Exercise –
Filter the entries that follow, copying every line in which the word "Shirt" appears.

Records provided –
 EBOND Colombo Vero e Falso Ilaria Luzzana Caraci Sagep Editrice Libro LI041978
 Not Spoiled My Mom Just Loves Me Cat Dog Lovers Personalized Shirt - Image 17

==

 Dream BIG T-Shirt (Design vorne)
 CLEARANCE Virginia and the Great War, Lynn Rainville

Solution to the problem –
 Not Spoiled My Mom Just Loves Me Cat Dog Lovers Personalized Shirt - Image 17
 Dream BIG T-Shirt (Design vorne)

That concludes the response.